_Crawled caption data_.
————
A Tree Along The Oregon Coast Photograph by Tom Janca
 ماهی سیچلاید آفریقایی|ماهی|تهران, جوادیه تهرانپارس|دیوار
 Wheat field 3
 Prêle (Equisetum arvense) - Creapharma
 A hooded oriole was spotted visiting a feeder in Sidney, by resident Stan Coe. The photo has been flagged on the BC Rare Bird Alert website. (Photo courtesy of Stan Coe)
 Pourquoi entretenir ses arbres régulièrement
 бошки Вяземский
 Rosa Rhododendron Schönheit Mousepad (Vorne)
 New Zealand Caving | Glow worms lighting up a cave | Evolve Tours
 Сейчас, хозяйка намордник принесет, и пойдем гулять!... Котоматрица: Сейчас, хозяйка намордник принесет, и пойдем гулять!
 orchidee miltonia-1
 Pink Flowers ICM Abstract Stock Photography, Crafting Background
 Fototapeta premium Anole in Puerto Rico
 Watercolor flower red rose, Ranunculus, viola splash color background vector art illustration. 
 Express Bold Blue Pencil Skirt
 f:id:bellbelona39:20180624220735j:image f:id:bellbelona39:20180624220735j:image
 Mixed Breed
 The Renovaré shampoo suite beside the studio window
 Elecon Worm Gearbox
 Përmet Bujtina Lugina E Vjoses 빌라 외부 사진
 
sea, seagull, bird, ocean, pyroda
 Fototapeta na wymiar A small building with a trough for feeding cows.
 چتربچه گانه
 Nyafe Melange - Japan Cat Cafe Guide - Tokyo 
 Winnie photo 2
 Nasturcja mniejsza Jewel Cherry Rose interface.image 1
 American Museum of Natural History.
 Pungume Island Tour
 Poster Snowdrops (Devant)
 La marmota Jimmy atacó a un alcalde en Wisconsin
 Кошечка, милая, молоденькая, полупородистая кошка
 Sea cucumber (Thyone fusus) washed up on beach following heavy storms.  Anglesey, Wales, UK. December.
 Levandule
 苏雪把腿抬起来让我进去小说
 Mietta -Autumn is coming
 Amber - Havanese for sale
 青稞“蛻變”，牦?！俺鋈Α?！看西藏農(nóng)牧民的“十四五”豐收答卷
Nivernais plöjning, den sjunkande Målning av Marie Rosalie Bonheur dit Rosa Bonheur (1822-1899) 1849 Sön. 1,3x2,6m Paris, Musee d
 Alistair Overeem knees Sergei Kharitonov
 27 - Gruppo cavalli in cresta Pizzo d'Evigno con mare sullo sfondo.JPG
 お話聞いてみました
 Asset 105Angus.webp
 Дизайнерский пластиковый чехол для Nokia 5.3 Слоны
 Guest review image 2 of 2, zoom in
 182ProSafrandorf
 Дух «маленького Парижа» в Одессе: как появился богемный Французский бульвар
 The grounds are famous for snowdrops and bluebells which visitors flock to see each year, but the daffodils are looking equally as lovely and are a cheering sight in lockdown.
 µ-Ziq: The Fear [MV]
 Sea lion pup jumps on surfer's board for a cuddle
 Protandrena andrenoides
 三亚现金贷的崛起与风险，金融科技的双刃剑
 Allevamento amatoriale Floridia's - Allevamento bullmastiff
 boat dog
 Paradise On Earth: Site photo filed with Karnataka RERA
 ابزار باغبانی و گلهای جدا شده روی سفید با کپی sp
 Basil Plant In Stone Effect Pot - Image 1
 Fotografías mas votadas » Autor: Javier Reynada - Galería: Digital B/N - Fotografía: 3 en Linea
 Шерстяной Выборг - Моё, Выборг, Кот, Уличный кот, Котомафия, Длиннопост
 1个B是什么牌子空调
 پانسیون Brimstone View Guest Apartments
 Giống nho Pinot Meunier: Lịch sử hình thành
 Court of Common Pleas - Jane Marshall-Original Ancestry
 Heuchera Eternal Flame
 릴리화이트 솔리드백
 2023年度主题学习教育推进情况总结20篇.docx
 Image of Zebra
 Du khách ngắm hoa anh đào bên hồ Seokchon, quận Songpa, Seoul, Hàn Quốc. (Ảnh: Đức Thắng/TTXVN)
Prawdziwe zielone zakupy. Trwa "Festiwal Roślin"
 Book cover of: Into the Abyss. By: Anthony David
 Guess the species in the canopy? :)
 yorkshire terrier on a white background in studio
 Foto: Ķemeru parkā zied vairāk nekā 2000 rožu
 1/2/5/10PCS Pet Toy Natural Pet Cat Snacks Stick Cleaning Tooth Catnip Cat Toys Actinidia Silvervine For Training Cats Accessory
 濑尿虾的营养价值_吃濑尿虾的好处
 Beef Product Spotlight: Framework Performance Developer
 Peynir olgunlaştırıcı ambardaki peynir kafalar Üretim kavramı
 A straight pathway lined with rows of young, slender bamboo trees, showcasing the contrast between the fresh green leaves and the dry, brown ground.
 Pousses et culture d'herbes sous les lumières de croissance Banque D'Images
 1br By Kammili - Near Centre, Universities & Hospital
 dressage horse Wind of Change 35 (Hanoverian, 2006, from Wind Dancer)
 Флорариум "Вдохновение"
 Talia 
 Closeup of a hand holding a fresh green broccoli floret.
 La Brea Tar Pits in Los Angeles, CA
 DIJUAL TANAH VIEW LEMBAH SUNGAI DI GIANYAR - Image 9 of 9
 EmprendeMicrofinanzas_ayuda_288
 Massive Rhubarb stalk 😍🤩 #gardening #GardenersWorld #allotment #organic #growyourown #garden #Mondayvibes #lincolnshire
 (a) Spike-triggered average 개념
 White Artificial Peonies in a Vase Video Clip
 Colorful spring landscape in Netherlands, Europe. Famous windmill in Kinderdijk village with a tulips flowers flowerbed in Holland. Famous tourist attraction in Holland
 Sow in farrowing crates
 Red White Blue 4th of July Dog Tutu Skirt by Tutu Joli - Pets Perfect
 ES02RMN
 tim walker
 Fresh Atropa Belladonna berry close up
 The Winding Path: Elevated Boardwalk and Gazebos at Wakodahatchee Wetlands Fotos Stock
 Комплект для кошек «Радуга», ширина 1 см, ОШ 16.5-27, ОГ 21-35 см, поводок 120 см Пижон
————
_TASK GOAL_. Restate each record word for word.

_REPLY TO THE TASK_.
A Tree Along The Oregon Coast Photograph by Tom Janca
 ماهی سیچلاید آفریقایی|ماهی|تهران, جوادیه تهرانپارس|دیوار
 Wheat field 3
 Prêle (Equisetum arvense) - Creapharma
 A hooded oriole was spotted visiting a feeder in Sidney, by resident Stan Coe. The photo has been flagged on the BC Rare Bird Alert website. (Photo courtesy of Stan Coe)
 Pourquoi entretenir ses arbres régulièrement
 бошки Вяземский
 Rosa Rhododendron Schönheit Mousepad (Vorne)
 New Zealand Caving | Glow worms lighting up a cave | Evolve Tours
 Сейчас, хозяйка намордник принесет, и пойдем гулять!... Котоматрица: Сейчас, хозяйка намордник принесет, и пойдем гулять!
 orchidee miltonia-1
 Pink Flowers ICM Abstract Stock Photography, Crafting Background
 Fototapeta premium Anole in Puerto Rico
 Watercolor flower red rose, Ranunculus, viola splash color background vector art illustration. 
 Express Bold Blue Pencil Skirt
 f:id:bellbelona39:20180624220735j:image f:id:bellbelona39:20180624220735j:image
 Mixed Breed
 The Renovaré shampoo suite beside the studio window
 Elecon Worm Gearbox
 Përmet Bujtina Lugina E Vjoses 빌라 외부 사진
 
sea, seagull, bird, ocean, pyroda
 Fototapeta na wymiar A small building with a trough for feeding cows.
 چتربچه گانه
 Nyafe Melange - Japan Cat Cafe Guide - Tokyo 
 Winnie photo 2
 Nasturcja mniejsza Jewel Cherry Rose interface.image 1
 American Museum of Natural History.
 Pungume Island Tour
 Poster Snowdrops (Devant)
 La marmota Jimmy atacó a un alcalde en Wisconsin
 Кошечка, милая, молоденькая, полупородистая кошка
 Sea cucumber (Thyone fusus) washed up on beach following heavy storms.  Anglesey, Wales, UK. December.
 Levandule
 苏雪把腿抬起来让我进去小说
 Mietta -Autumn is coming
 Amber - Havanese for sale
 青稞“蛻變”，牦?！俺鋈Α?！看西藏農(nóng)牧民的“十四五”豐收答卷
Nivernais plöjning, den sjunkande Målning av Marie Rosalie Bonheur dit Rosa Bonheur (1822-1899) 1849 Sön. 1,3x2,6m Paris, Musee d
 Alistair Overeem knees Sergei Kharitonov
 27 - Gruppo cavalli in cresta Pizzo d'Evigno con mare sullo sfondo.JPG
 お話聞いてみました
 Asset 105Angus.webp
 Дизайнерский пластиковый чехол для Nokia 5.3 Слоны
 Guest review image 2 of 2, zoom in
 182ProSafrandorf
 Дух «маленького Парижа» в Одессе: как появился богемный Французский бульвар
 The grounds are famous for snowdrops and bluebells which visitors flock to see each year, but the daffodils are looking equally as lovely and are a cheering sight in lockdown.
 µ-Ziq: The Fear [MV]
 Sea lion pup jumps on surfer's board for a cuddle
 Protandrena andrenoides
 三亚现金贷的崛起与风险，金融科技的双刃剑
 Allevamento amatoriale Floridia's - Allevamento bullmastiff
 boat dog
 Paradise On Earth: Site photo filed with Karnataka RERA
 ابزار باغبانی و گلهای جدا شده روی سفید با کپی sp
 Basil Plant In Stone Effect Pot - Image 1
 Fotografías mas votadas » Autor: Javier Reynada - Galería: Digital B/N - Fotografía: 3 en Linea
 Шерстяной Выборг - Моё, Выборг, Кот, Уличный кот, Котомафия, Длиннопост
 1个B是什么牌子空调
 پانسیون Brimstone View Guest Apartments
 Giống nho Pinot Meunier: Lịch sử hình thành
 Court of Common Pleas - Jane Marshall-Original Ancestry
 Heuchera Eternal Flame
 릴리화이트 솔리드백
 2023年度主题学习教育推进情况总结20篇.docx
 Image of Zebra
 Du khách ngắm hoa anh đào bên hồ Seokchon, quận Songpa, Seoul, Hàn Quốc. (Ảnh: Đức Thắng/TTXVN)
Prawdziwe zielone zakupy. Trwa "Festiwal Roślin"
 Book cover of: Into the Abyss. By: Anthony David
 Guess the species in the canopy? :)
 yorkshire terrier on a white background in studio
 Foto: Ķemeru parkā zied vairāk nekā 2000 rožu
 1/2/5/10PCS Pet Toy Natural Pet Cat Snacks Stick Cleaning Tooth Catnip Cat Toys Actinidia Silvervine For Training Cats Accessory
 濑尿虾的营养价值_吃濑尿虾的好处
 Beef Product Spotlight: Framework Performance Developer
 Peynir olgunlaştırıcı ambardaki peynir kafalar Üretim kavramı
 A straight pathway lined with rows of young, slender bamboo trees, showcasing the contrast between the fresh green leaves and the dry, brown ground.
 Pousses et culture d'herbes sous les lumières de croissance Banque D'Images
 1br By Kammili - Near Centre, Universities & Hospital
 dressage horse Wind of Change 35 (Hanoverian, 2006, from Wind Dancer)
 Флорариум "Вдохновение"
 Talia 
 Closeup of a hand holding a fresh green broccoli floret.
 La Brea Tar Pits in Los Angeles, CA
 DIJUAL TANAH VIEW LEMBAH SUNGAI DI GIANYAR - Image 9 of 9
 EmprendeMicrofinanzas_ayuda_288
 Massive Rhubarb stalk 😍🤩 #gardening #GardenersWorld #allotment #organic #growyourown #garden #Mondayvibes #lincolnshire
 (a) Spike-triggered average 개념
 White Artificial Peonies in a Vase Video Clip
 Colorful spring landscape in Netherlands, Europe. Famous windmill in Kinderdijk village with a tulips flowers flowerbed in Holland. Famous tourist attraction in Holland
 Sow in farrowing crates
 Red White Blue 4th of July Dog Tutu Skirt by Tutu Joli - Pets Perfect
 ES02RMN
 tim walker
 Fresh Atropa Belladonna berry close up
 The Winding Path: Elevated Boardwalk and Gazebos at Wakodahatchee Wetlands Fotos Stock
 Комплект для кошек «Радуга», ширина 1 см, ОШ 16.5-27, ОГ 21-35 см, поводок 120 см Пижон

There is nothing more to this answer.